Statistical comparisons of our results as a function of years of schooling revealed no differences between forward and backward SSP. Nevertheless, we noted that scores for the backward SSP were consistently lower than for the forward SSP.
We also report age differences in performance comparing younger and older participants, showing that performance improves with increasing age.
The Rosen et al. (1997)13 study in undergraduate students showed that the forward and backward tasks reflect different levels of processing complexity or different types of representations. In their study however, no difference between forward and backward scores were found, implying that both tasks required a similar level of processing complexity.
Kessels and collaborators2 also found no differences between the forward and backward condition on the Corsi Block-Tapping Task (spatial span), but confirmed that the Digit Span (verbal span) backward was more difficult than the forward condition.

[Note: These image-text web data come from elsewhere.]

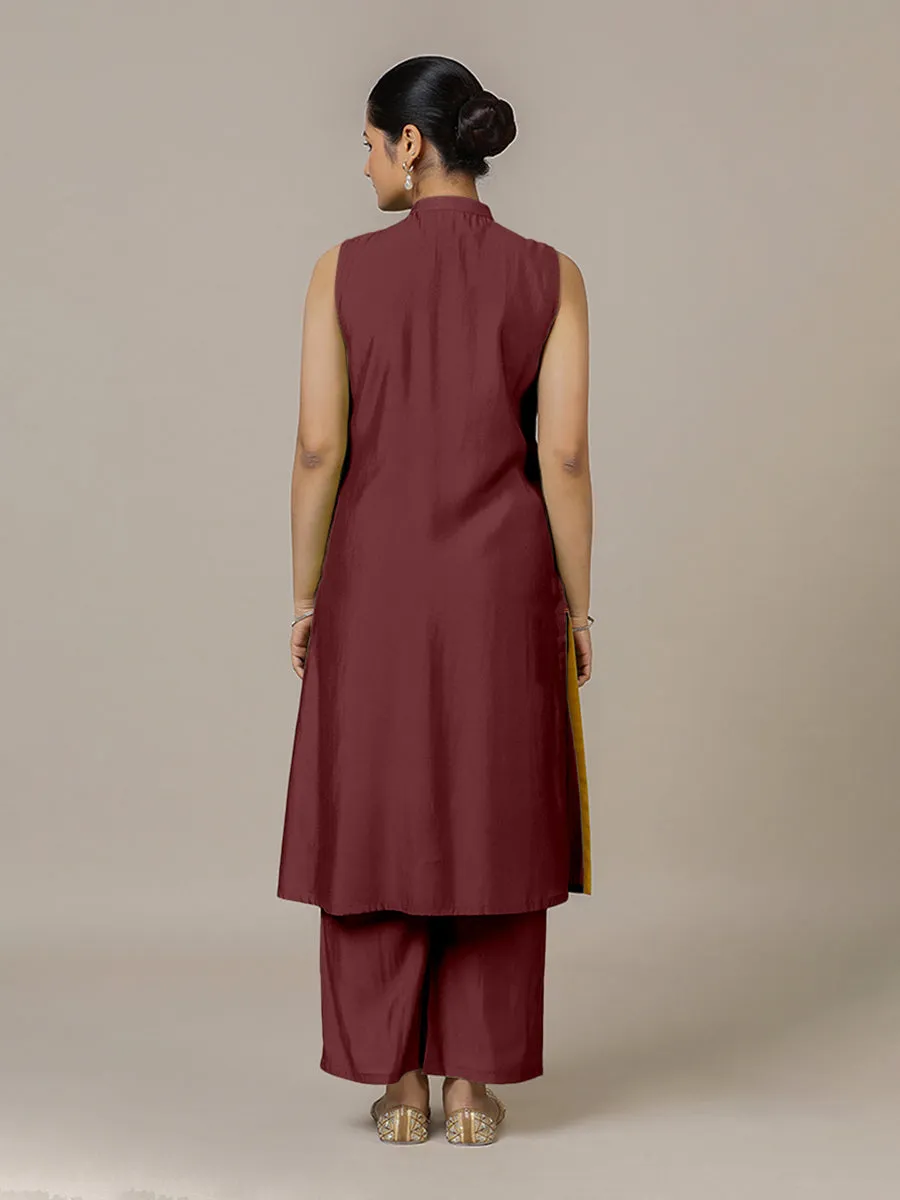 Eira x Rozaana | A Line Kurta w/ Mandarin Collar in Deep Maroon | Coords or Only Kurta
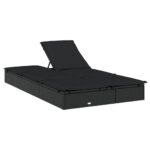 Chaise longue à 2 places avec coussins noir résine tressée – Image 5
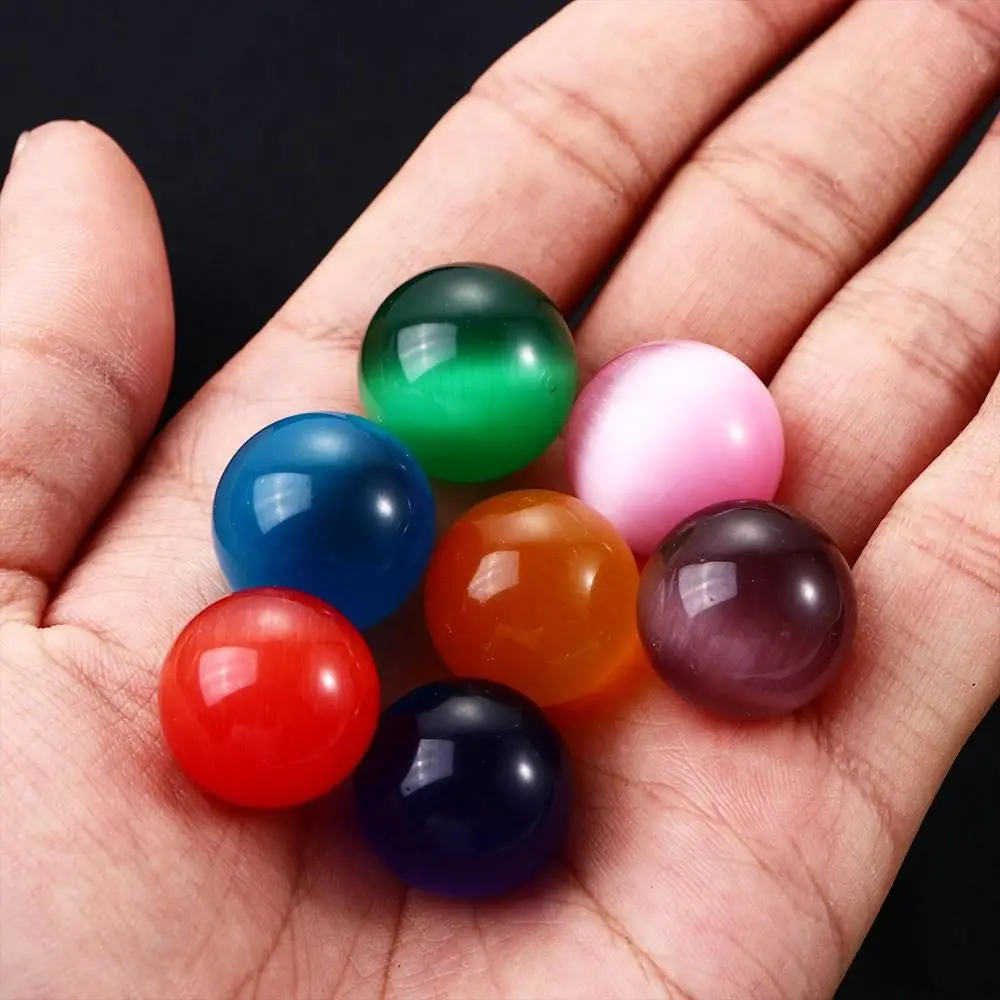 Boule ronde en cristal colorée, boules de verre en forme d'œil de chat, jouets de guérison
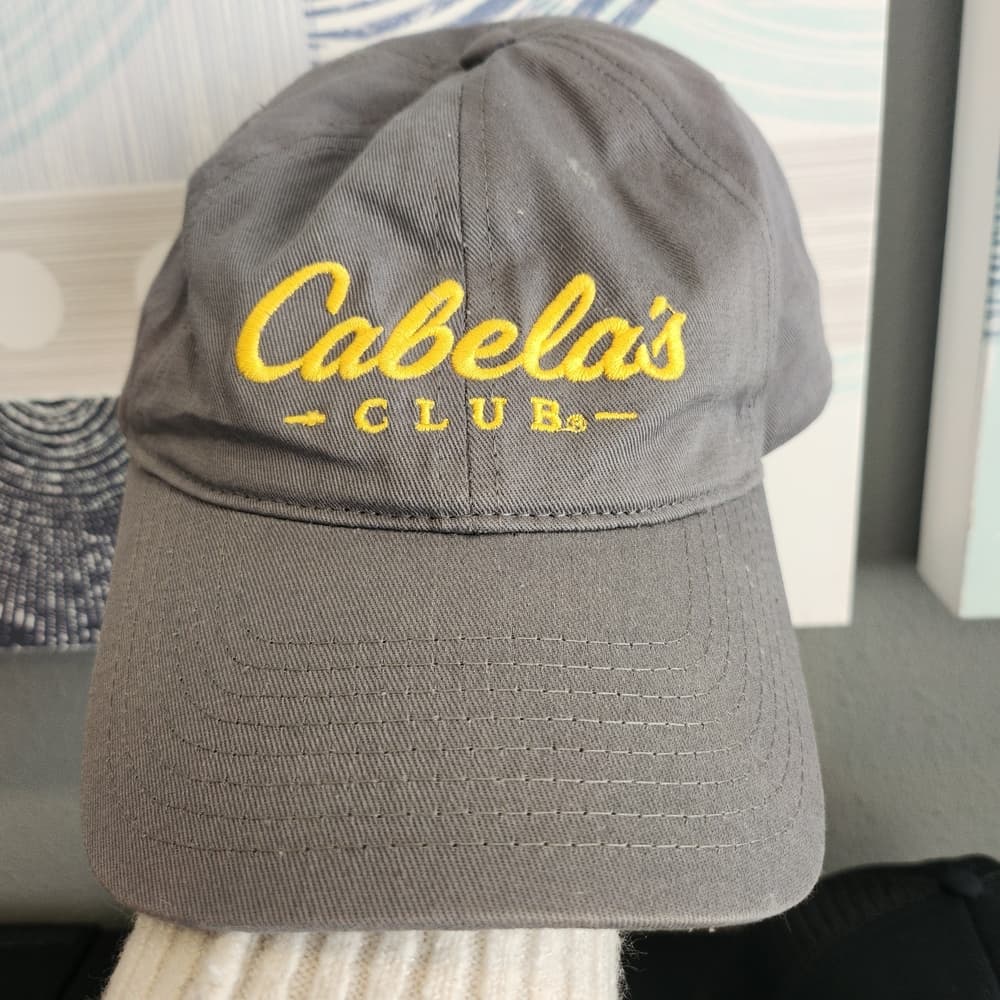 Cabela's Club Gray and Yellow Cap And Solid Black Port Authority Trucker Hat - Thumbnail 2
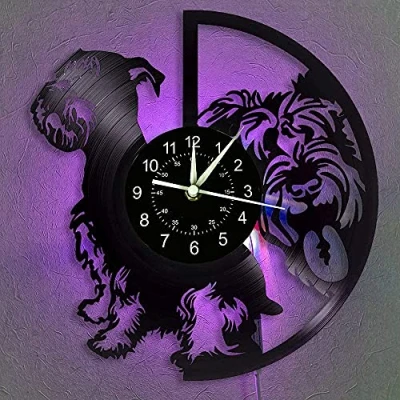 Afbeelding van Smotly Vinyl Wandklok, Schnauzer Hond LED 7 Kleur Nachtlampje Retro Kinderen Verjaardagscadeaus Handgemaakte Home Muur Decor wandklok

The analysis of the results as a function of educational level revealed differences in performance among participants categorized in the first years of schooling and participants in the final ranges of high school education, showing that performance improved with increased schooling, and concomitant advancement in age. This expected result had previously been demonstrated using the Corsi Block-Tapping Task in children.10
Forward and backward span scores were positively correlated with age, suggesting improvement in span performance with development. Luciana and Nelson9 suggested that memory capacity measured by the span task does not reach functional maturity by the age of 12. According to the authors, 18 years is the age at which adult levels of performance are attained on the CANTAB Spatial Span task. Indeed, the fact that the groups with 1 to 3 years of schooling committed significantly more errors than those with more than 6 years of education may reflect an influence of age. This increase in forward spatial span performance with advancing age was also found using the Corsi Block-Tapping task.14,15
The total number of errors is lower in reverse order because the test is stopped when the subject makes three consecutive errors. In direct order, mistakes tend to be made throughout the test and therefore the total number of trials and errors is higher. In reverse order, mistakes tend to be made successively and in the early stages of the test. Post-hoc comparisons confirmed that older children have better performance on the spatial span task. This has also been reported for other testing situations in previous studies.2,13,15,16
An extensive normative study was conducted by DeLuca and collaborators.17 These authors investigated the development of executive function over lifespan, in subjects from 8 to 64 years old, and used several subtests of the CANTAB, including the Spatial Span test. Figure 2 depicts a comparison between our results and those obtained by the cited authors.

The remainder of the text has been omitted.